December 05, 2009

Kunstmuseum Luzern

(view of Lucerne)

Luzern Art Museum is a striking architectural gesture on the banks of the Lake Lucerne. I saw 4 shows there today. With the annual show featuring 40 artists there were obviously a lot of works of little interest but I was impressed with the 4 untitled small drawings of Nathalie Bissig, which while very simply delineated in what looked like a waxy pencil carried very powerful images of helplessness and power, the distressing power which provokes eroticism over liberalism. Lukas Hoffman displayed some very thoughtful photos of the empty margins of public car parks in grey winter; his trees had the visual definition of lung diagrams footed with the indestructible alienated shrubs beloved of municipal parks departments. Miriam Sturzenegger showed 3 small note books pinned to the wall with ever so faint pencil drawings almost absent-mindedly doodled; but hovering in a dimension out of reach, immaculate tiny handwriting reversed slightly through the pages from the other side – made more inaccessible to me because of them being in German.
In another show “Tamed Light” – videos by Judith Albert were not very interesting.
In another show Irene Bisang’s paintings were enjoyable gouaches which mixed innocence with sudden shocks, a sequence of decorative portraits with thought bubbles, a woman being beheaded by a knife the size of her body, a happy penis; of course, missing Barney, I was drawn to Wise Dog I and II.
(I love the way they pollard on the continent)
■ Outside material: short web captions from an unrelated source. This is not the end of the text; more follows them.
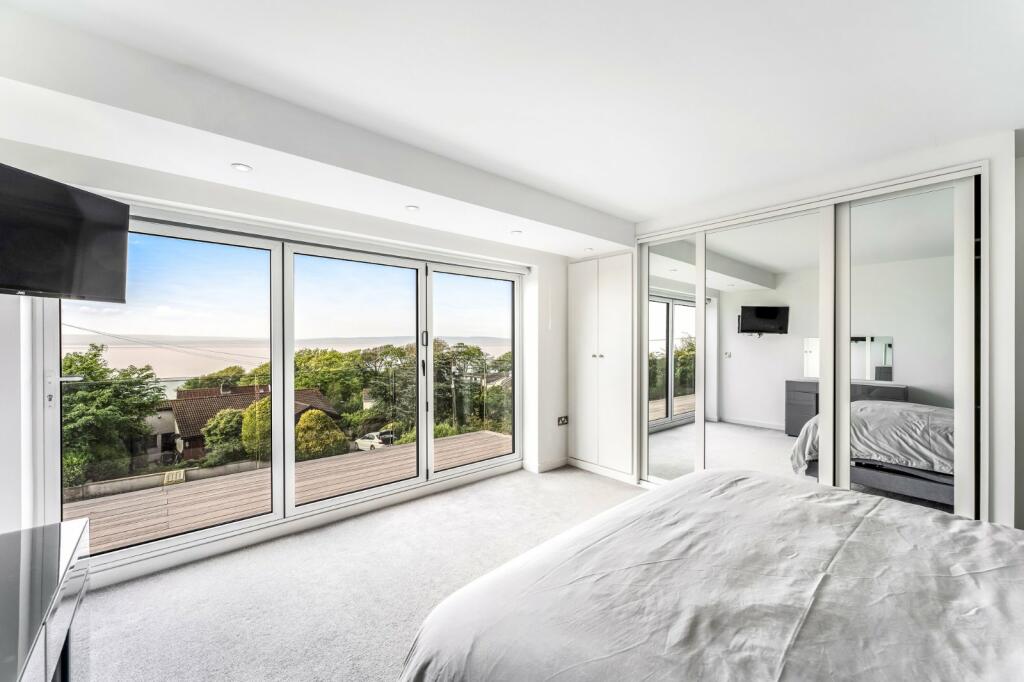 Additional image 10 of Hillside Road, Portishead, Bristol, Somerset, BS20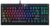 Redragon K568 Rainbow – Blue Switch – TKL Mechanical Gaming Keyboard – 87 Keys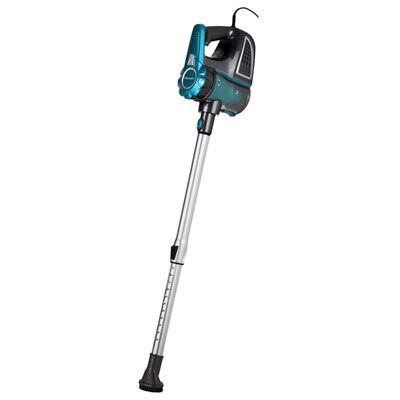 Bestron 2-in-1 Vacuum Cleaner 600 W Blue and Grey AVC800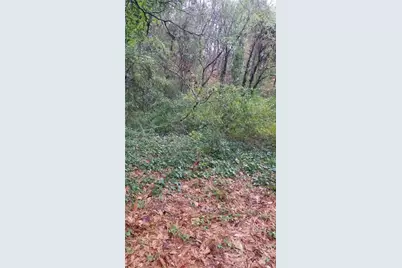 3387 Lake Valley Road, Atlanta, GA 30331 - Photo 1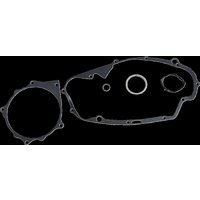 Image of KEG039 - Vintco Engine Gasket Kit For Yamaha YZ250 1977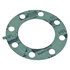 05086767AC by MOPAR - GASKET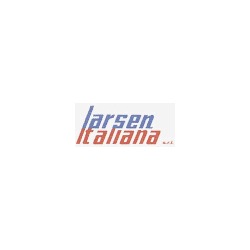 Logo di LARSEN ITALIANA
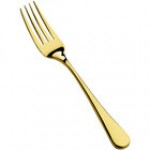 Bon Chef S4107BM Como 7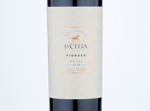 La Celia Pioneer Malbec,2018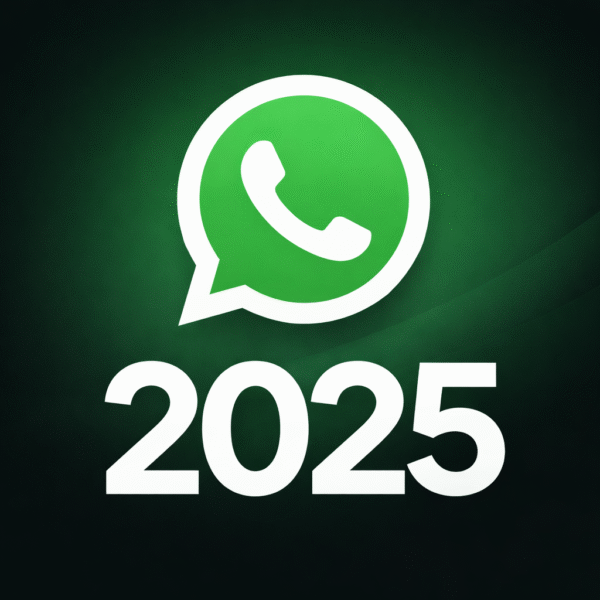 CURSO – CÓMO VENDER MÁS CON WHATSAPP MARKETING 2025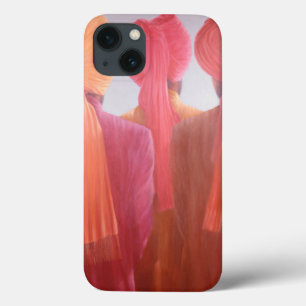 Bir Trio iPhone 13 Case
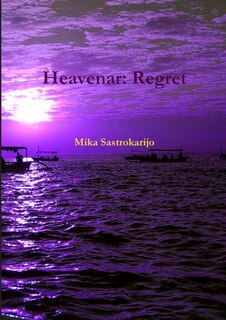 Front cover_Heavenar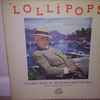 Sir Thomas Beecham, Bart., C.H.*, Royal Philharmonic Orchestra - 'Lollipops'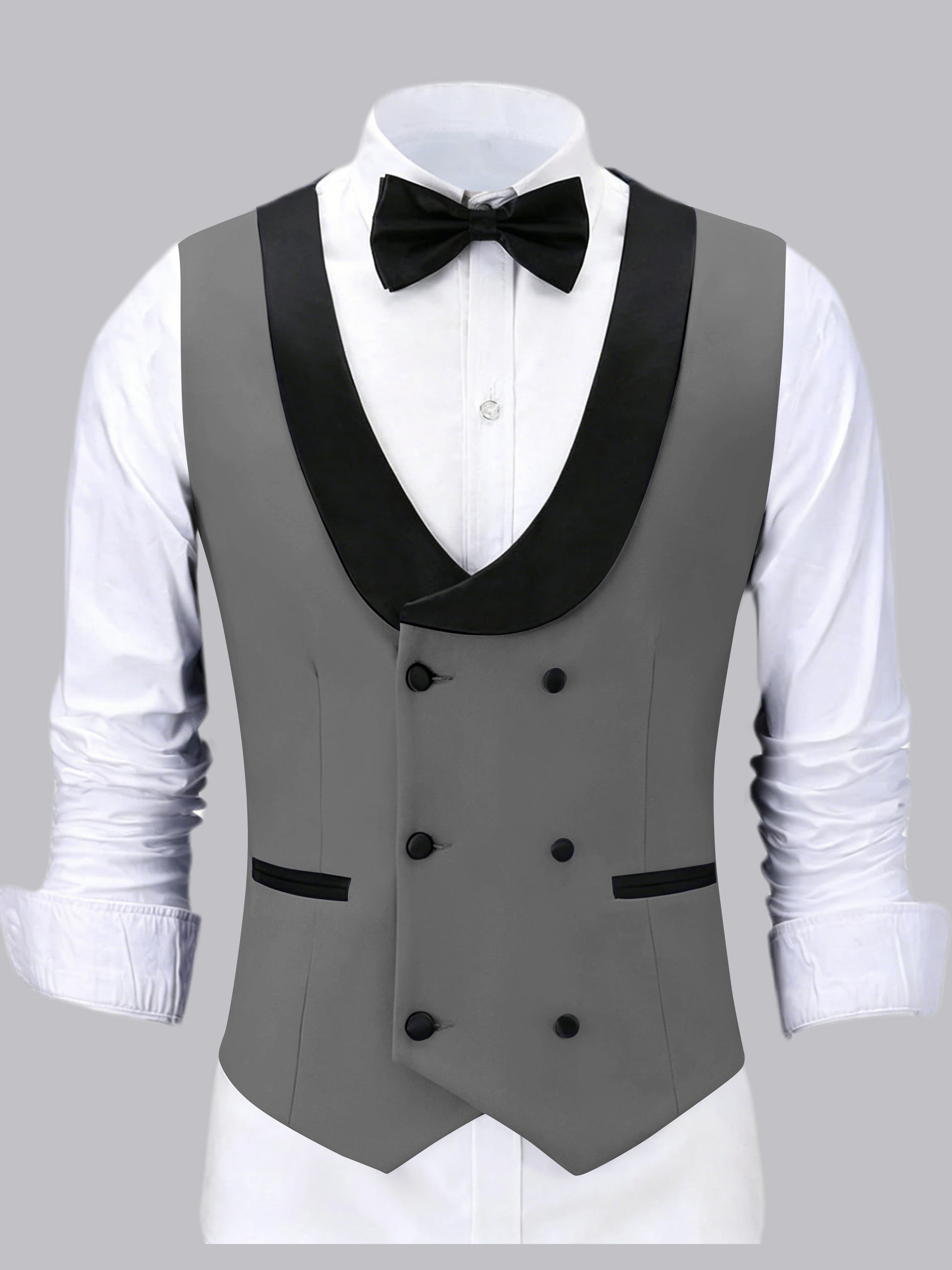 #Color_Gray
From the stable of Barbara Thrumm in Berlin, I think, Valerie Favre’s big show was a variable experience. She had a lot of galleries which seemed to me to expose her strengths and weaknesses. Her large scale landscapes and allegories were stodgy, monotonously coloured and meaningless, whereas her Lapine-Univers [She-hare Universe] was superheroic, vibrantly painterly and erotic. Her series of small Selbstmord [Suicide] canvases with the restricted palette of yellows and greens hung in a long line across 3 walls were gripping but this was dissipated by the location of a monumental not very good painting of a Cockroach on the facing wall. A final room of her motifs intermingling with art historical references returned to muddy ill-definition, except for the strong presence of “Secret Service for the Queen”.